▶ [TASK ITEM] Write out the listing exactly, dropping any picture it contains.

▶ [STORED DATA]
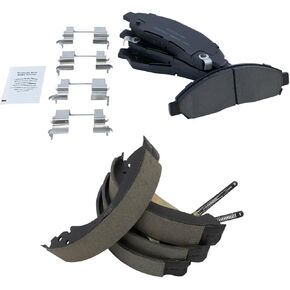 Front and Rear Brake Pads Ceramic Hardware Compatible with 2004-2008 Chevrolet Colorado 2004-2008 GMC Canyon 2006 Isuzu i-280 2006 Isuzu i-350 2007-2008 Isuzu i-290 2007-2008 Isuzu i-370 in Saudi Arabia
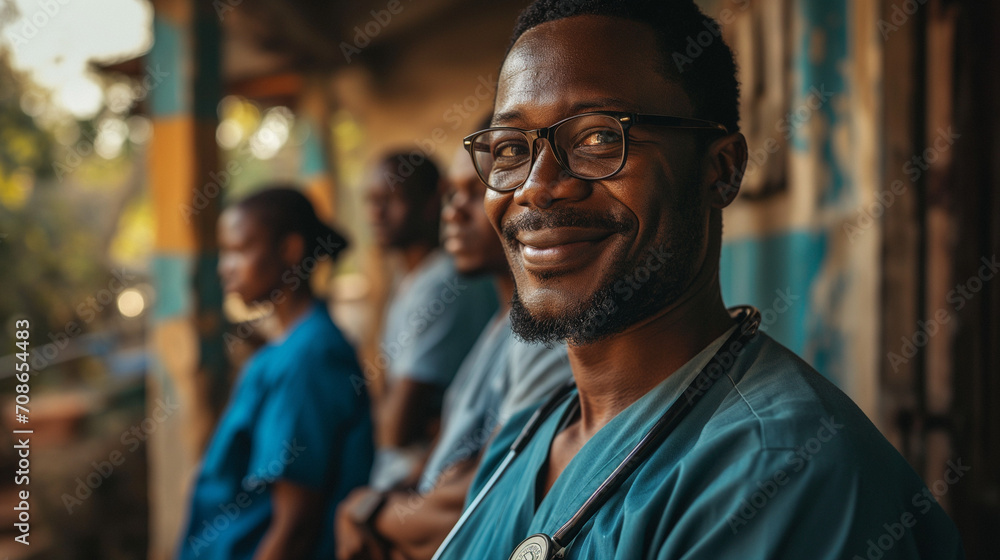 Portrait of the African doctor smiling to the camera. Doctors on Africa. Portrait of the African doctor smiling to the camera. Doctors on Africa.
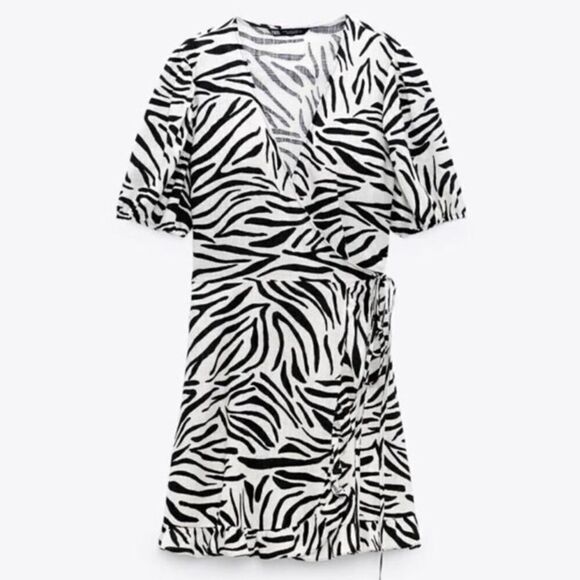 Zara Zebra Print Wrap Mini Dress - Picture 1 of 7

▶ [TASK OUTPUT]
 Front and Rear Brake Pads Ceramic Hardware Compatible with 2004-2008 Chevrolet Colorado 2004-2008 GMC Canyon 2006 Isuzu i-280 2006 Isuzu i-350 2007-2008 Isuzu i-290 2007-2008 Isuzu i-370 in Saudi Arabia
 Portrait of the African doctor smiling to the camera. Doctors on Africa. Portrait of the African doctor smiling to the camera. Doctors on Africa.
 Zara Zebra Print Wrap Mini Dress - Picture 1 of 7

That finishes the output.